Reproduce the listing below exactly, minus its pictures.

## Given data
·····
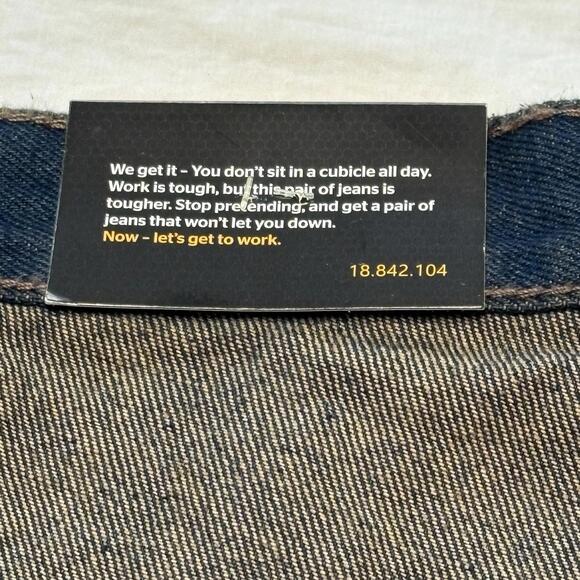 Berne 1915 Collection Relaxed Fit P423CSW Carpenter Jeans Men's 40x29 New - Picture 12 of 14
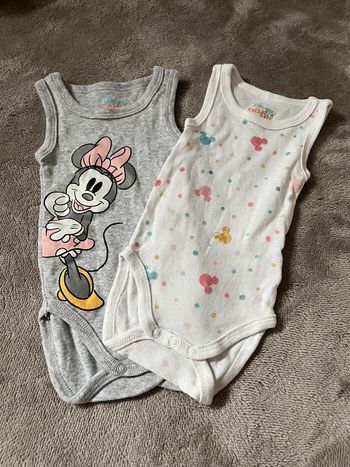 Lot de 2 bodies sans manches Disney Mickey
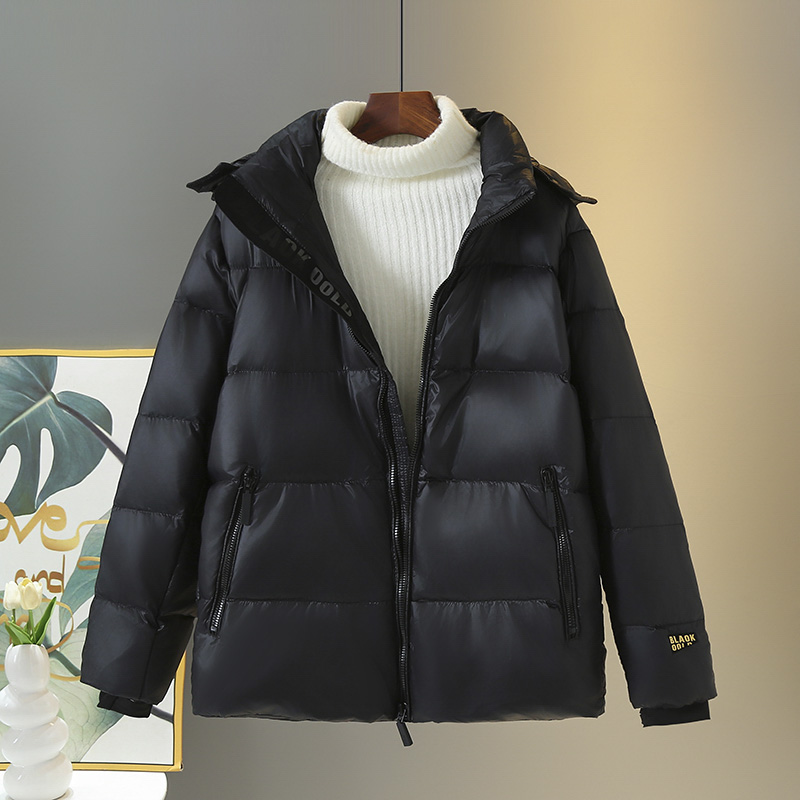 大码羽绒服韩版宽松连帽冬季外套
·····
## Solution to this exercise
 Berne 1915 Collection Relaxed Fit P423CSW Carpenter Jeans Men's 40x29 New - Picture 12 of 14
 Lot de 2 bodies sans manches Disney Mickey
 大码羽绒服韩版宽松连帽冬季外套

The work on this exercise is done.